▶ **Data section**:
==============================
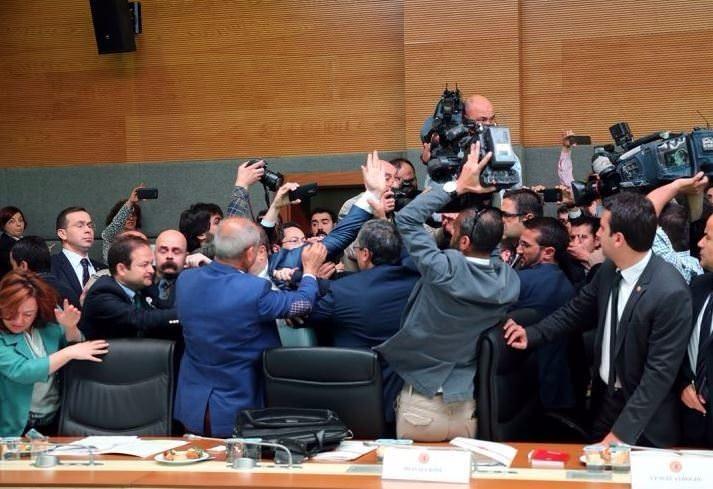 <p>AK Parti İstanbul Milletvekili Mustafa Şentop başkanlığında toplanan Komisyon, AK Parti'li 316 milletvekilinin imzasını taşıyan Türkiye Cumhuriyeti Anayasası'nda Değişiklik Yapılmasına Dair Kanun Teklifi'ni ele alacak.</p>

<p> </p>
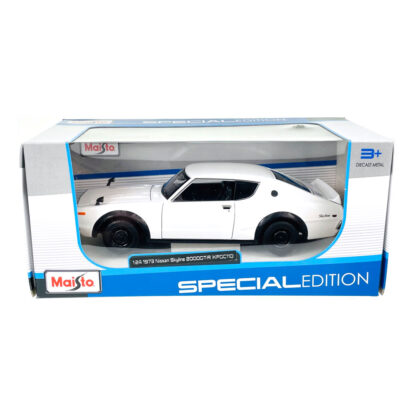 Maisto 1973 Nissan Skyline 2000GT-R (KPGC110) 1:24 Modellino Auto Automobile - immagine 5
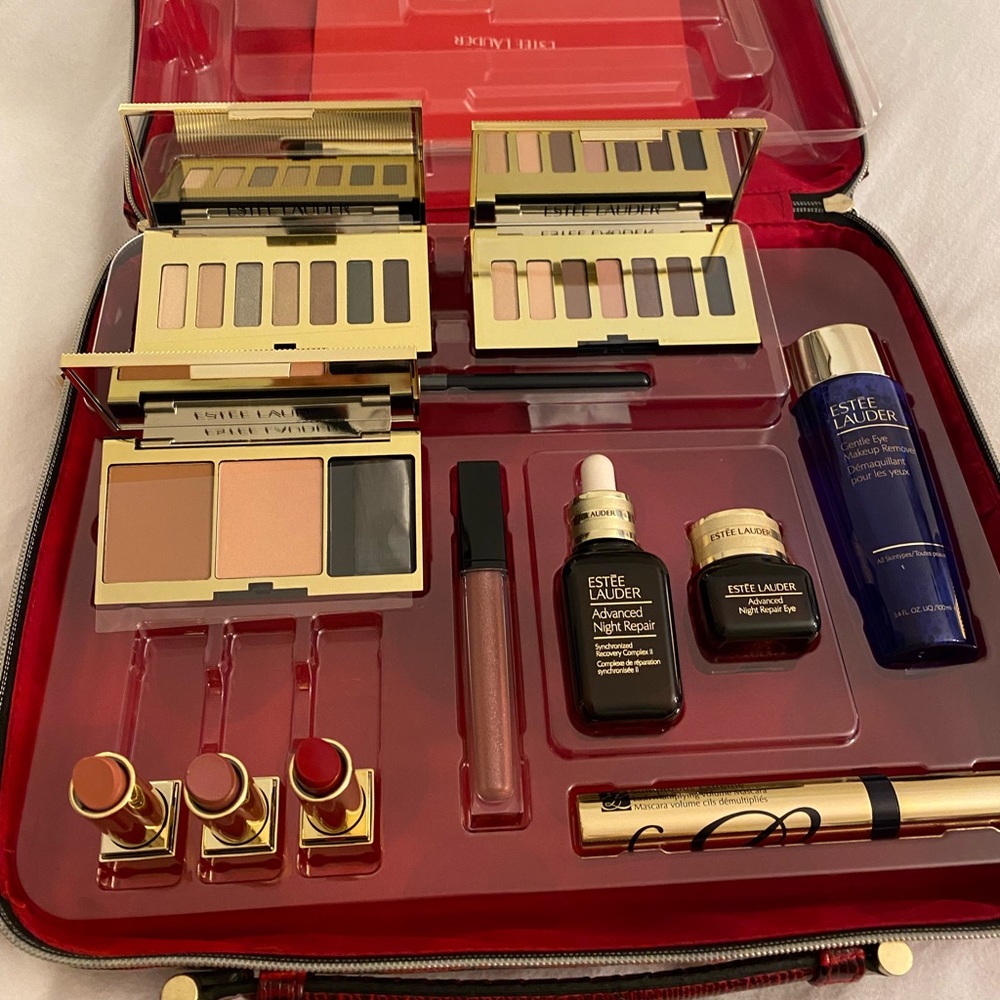 BRAND NEW Estée Lauder skincare and makeup bundle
==============================
▶ **What needs to be done**:
Please repeat every line of the material above exactly and without its pictures.

▶ **Answer below**:
 <p>AK Parti İstanbul Milletvekili Mustafa Şentop başkanlığında toplanan Komisyon, AK Parti'li 316 milletvekilinin imzasını taşıyan Türkiye Cumhuriyeti Anayasası'nda Değişiklik Yapılmasına Dair Kanun Teklifi'ni ele alacak.</p>

<p> </p>
 Maisto 1973 Nissan Skyline 2000GT-R (KPGC110) 1:24 Modellino Auto Automobile - immagine 5
 BRAND NEW Estée Lauder skincare and makeup bundle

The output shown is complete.